Pub: Sydney Morning Herald

Pubdate: 10-May-1993

Edition: Late

Section: News and Features

Subsection:

Page: 17

Wordcount: 2394

THE HEAVY BURDEN OF A LIVING CITY

Elizabeth Farrelly and Julie Walton

EVER WONDERED what happened to all those picturesque city laneways, loathed by firemen and modernists, but essential to Sydney’s character? Rowe Street, for instance, alive with bookshops and cafes, now a dead-end service-way into the MLC Centre.

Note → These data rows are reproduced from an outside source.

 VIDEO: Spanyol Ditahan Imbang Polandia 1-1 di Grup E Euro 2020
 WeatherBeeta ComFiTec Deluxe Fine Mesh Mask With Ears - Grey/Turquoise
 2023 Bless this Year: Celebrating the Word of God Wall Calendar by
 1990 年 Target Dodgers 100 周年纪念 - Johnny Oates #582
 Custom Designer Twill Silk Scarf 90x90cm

Sydney City Council is what happened to those laneways. It’s all there on the files. The council, staunch guardian of the public realm, was actively flogging off bits of it for decades – laneways, in particular. At first, in the ’50s and ’60s, this was ideologically driven, part of Modernism’s brave new plan; but for the next 20 years it was straight expedience. Laneway sales were the perfect disguise for accounting and budgetary systems which were otherwise rubbery, at best.

For Sydney’s last Civic Reform-led Council (1988-1991) the boom was a timely blessing. In 1990 alone, Raphael Place brought in $21.5 million and Margaret Lane, off Jamison Street, fetched $16 million. Take $37.5 million from that year’s $2.5 million “surplus” and see how healthy things really were, then. The current council is clover by comparison.

Abercrombie Place, off George Street (alongside George Patterson House, which was controversially removed by the Central Sydney Planning Committee last year from council’s heritage list) is the latest lane to be threatened with extinction. The Civic Reform council had resolved to sell it for $5.2 million: the current council has embargoed that sale believing the lane to be a vital pedestrian route and an important part of Sydney’s heritage in its own right. (The laneway itself is heritage-listed – a fact which has not prevented its excavation, by parties unknown, in the meantime.)

When the City Independents came to “power” – it has to be in inverted commas – in the elections of September 1991, we wanted above all to re-establish the city centre as a place people wanted to be in. It sounds so simple. We were aware, of course, that there would be the standard battles, well documented from cities the world over, between those who own the pots of gold, and those who walk between them.

We knew that any attempt to give the public realm priority would be treated as heresy by the pot-owners, who have always controlled the city. We had been courted in passing by the big end of town, and knew to expect lashings of the”if I want to build a mud hut in George Street I should damned well be able to”, attitude to civic dignity.

We expected, too, some intransigence from the council bureaucracy itself -“the organisation” as it is known. We did not anticipate, however, the sheer bloodiness of it all, nor the pincer movement in which these great inertial masses might lock together to preserve the status quo.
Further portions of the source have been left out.